Why the stock market has shrugged off Trump’s latest tariff threats

Why the stock market has shrugged off Trump's latest tariff threats

President Trump is once again turning up the tariff dial, but stocks aren’t reacting nearly as strongly as they did back in April.

In recent days, Trump has written letters threatening 30% duties on goods from Mexico and the European Union while also warning of 35% tariffs on Canadian imports. On Monday, he added the potential for 100% duties on goods from Russia.

A few months back, similar headlines were driving the market action. Now, the S&P 500 (^GSPC) and Nasdaq Composite (^IXIC) are hovering near record highs despite the news.

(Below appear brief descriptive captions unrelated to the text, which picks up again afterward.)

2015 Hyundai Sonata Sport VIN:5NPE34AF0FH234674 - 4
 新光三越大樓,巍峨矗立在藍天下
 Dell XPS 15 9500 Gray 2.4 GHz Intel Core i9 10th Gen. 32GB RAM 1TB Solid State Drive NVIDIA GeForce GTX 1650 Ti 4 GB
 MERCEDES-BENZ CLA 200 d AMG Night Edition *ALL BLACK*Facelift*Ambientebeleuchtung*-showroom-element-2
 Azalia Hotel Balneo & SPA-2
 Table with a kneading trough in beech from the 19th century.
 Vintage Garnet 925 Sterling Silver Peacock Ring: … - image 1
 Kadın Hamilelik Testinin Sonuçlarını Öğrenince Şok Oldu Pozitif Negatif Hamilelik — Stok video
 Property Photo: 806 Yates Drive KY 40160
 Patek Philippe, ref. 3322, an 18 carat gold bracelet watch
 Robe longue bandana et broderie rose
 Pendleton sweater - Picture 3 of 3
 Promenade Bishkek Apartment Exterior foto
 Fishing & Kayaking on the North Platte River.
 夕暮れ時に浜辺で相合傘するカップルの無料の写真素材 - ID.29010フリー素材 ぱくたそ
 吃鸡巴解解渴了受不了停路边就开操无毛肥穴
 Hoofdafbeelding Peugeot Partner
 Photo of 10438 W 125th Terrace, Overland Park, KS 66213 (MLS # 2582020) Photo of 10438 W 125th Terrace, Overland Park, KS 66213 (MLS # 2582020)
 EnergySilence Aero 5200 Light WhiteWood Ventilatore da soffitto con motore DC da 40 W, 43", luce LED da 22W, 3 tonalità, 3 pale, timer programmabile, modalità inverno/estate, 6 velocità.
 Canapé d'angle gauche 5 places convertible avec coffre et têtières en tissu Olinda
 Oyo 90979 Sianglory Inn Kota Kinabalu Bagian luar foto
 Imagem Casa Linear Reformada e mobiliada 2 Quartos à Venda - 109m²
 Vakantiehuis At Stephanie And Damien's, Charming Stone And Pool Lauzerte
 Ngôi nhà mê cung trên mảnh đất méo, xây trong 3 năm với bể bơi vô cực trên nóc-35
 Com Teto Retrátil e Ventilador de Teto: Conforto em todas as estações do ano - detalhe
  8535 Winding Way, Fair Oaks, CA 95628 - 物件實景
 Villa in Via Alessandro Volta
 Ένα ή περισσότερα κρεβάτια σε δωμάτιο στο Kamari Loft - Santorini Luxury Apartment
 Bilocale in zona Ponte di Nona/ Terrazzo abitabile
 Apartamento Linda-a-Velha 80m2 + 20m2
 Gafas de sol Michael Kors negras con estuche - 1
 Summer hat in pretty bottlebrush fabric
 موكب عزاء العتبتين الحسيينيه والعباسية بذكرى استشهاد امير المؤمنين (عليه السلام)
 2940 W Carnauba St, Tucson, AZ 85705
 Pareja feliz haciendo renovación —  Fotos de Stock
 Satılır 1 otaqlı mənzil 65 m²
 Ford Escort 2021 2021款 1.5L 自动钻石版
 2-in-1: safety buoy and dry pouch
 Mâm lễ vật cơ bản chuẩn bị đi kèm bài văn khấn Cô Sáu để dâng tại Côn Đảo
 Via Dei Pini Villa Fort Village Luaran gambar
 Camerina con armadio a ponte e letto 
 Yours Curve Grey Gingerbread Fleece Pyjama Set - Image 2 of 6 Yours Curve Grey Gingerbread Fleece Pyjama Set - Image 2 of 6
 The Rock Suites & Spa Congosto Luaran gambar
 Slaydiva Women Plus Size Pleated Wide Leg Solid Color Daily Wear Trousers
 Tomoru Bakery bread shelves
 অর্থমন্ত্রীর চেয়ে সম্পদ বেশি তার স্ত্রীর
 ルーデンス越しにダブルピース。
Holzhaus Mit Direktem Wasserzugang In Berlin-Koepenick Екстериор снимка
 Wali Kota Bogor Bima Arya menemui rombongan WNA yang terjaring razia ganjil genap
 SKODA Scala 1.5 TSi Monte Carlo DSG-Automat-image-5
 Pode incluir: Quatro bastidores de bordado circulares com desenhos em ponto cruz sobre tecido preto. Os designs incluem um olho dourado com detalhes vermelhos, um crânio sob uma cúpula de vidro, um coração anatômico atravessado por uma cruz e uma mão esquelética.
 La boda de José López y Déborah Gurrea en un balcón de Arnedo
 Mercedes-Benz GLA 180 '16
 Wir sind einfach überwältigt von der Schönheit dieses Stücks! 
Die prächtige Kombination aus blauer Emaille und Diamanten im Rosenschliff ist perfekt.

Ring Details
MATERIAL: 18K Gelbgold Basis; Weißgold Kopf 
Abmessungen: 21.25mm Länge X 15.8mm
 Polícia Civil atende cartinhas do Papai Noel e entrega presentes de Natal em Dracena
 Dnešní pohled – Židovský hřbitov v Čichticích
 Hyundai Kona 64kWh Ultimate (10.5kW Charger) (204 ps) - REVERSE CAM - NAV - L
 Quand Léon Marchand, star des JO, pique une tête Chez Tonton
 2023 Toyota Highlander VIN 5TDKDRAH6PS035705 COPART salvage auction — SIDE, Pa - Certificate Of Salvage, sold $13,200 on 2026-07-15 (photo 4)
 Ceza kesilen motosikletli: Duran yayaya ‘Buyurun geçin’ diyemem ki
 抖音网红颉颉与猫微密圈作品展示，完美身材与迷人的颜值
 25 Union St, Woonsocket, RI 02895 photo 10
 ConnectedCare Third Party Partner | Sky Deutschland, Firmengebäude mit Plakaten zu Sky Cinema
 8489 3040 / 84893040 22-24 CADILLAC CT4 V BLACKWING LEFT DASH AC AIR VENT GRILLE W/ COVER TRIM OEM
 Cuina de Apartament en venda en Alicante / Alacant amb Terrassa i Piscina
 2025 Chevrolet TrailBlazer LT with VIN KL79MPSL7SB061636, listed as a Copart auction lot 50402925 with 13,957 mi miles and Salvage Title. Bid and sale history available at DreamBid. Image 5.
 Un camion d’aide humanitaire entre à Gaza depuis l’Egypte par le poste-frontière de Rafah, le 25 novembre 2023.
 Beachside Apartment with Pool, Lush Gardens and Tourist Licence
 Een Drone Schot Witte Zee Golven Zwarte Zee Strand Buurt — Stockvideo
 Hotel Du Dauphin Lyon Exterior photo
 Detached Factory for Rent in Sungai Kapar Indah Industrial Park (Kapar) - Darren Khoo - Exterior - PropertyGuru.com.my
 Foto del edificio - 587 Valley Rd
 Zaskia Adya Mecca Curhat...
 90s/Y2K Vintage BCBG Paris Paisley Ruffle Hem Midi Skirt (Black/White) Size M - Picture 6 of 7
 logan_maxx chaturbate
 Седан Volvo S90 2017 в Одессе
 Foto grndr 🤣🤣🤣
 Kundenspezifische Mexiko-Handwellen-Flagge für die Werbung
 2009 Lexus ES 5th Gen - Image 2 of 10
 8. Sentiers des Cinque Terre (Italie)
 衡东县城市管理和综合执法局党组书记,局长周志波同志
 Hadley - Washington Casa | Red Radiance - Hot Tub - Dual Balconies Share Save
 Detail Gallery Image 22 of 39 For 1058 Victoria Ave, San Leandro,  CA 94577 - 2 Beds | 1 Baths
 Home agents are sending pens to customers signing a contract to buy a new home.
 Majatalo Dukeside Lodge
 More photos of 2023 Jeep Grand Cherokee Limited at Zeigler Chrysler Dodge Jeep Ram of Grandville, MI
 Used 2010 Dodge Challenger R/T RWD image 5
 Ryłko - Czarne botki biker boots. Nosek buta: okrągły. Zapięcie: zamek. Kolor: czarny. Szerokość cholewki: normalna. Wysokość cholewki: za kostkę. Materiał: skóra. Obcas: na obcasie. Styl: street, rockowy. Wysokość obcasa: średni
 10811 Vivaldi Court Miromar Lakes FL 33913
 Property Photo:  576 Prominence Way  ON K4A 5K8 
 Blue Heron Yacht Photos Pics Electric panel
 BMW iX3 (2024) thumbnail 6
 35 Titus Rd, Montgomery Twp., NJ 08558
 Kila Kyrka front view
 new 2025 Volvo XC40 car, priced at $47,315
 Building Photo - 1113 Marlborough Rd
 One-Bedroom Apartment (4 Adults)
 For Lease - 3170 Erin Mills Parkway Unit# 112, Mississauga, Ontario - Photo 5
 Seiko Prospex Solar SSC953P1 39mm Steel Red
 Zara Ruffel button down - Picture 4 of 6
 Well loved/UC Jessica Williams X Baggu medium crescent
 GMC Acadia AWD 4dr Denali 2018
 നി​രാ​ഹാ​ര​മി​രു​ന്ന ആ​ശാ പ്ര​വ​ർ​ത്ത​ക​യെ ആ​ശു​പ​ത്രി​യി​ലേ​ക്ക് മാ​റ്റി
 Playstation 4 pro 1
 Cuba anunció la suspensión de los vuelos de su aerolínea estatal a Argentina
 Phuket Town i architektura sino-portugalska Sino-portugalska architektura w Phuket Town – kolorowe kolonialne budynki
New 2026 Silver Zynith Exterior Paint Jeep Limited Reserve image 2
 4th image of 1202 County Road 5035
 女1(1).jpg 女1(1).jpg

Perhaps part of this is the so-called TACO trade, a calling card for investors to stay invested because “Trump always chickens out” on his highest tariff threats. But Morgan Stanley chief investment officer Mike Wilson points out that what’s at play is just math.

The recent tariff announcements have said nothing about China, and as our chart below from Wilson shows, that’s what matters to the widest array of industries.

Wilson segmented various industries into different subsectors of exposure to tariffs. Seven categories, including technology and semiconductors, have “more material risk,” meaning import exposure in that group from China is more than 15% of the global total of imports. In other words, tariffs on goods from China would hurt sectors like tech more than tariffs on nearly any other country listed in Wilson’s work.

Read more: What Trump’s tariffs mean for the economy and your wallet

“The more material trade-related risk for equity indices would be if tariff rates on China were to increase materially from here,” Wilson wrote. “China is significant not only because of the number of industries with tariff cost exposure, but also because of the market cap weighting of those industries, in aggregate.”

JPMorgan chief US economist Michael Feroli estimates the effective US tariff rate has jumped to 16.9% in July from closer to 13% before President Trump began distributing letters to countries during the week of July 9. But importantly, no part of that change accounts for an increase in China tariffs. Those are estimated just shy of 50%, a far cry from the 145% once threatened.

Meanwhile, there have actually been positive updates in terms of US-China trade. In a blog post late Monday night, Nvidia (NVDA) said it was applying to resume sales of its H20 GPUs in China, reversing a key headwind for the company’s AI chip business. Nvidia wrote in the post that the US “assured Nvidia that licenses will be granted.”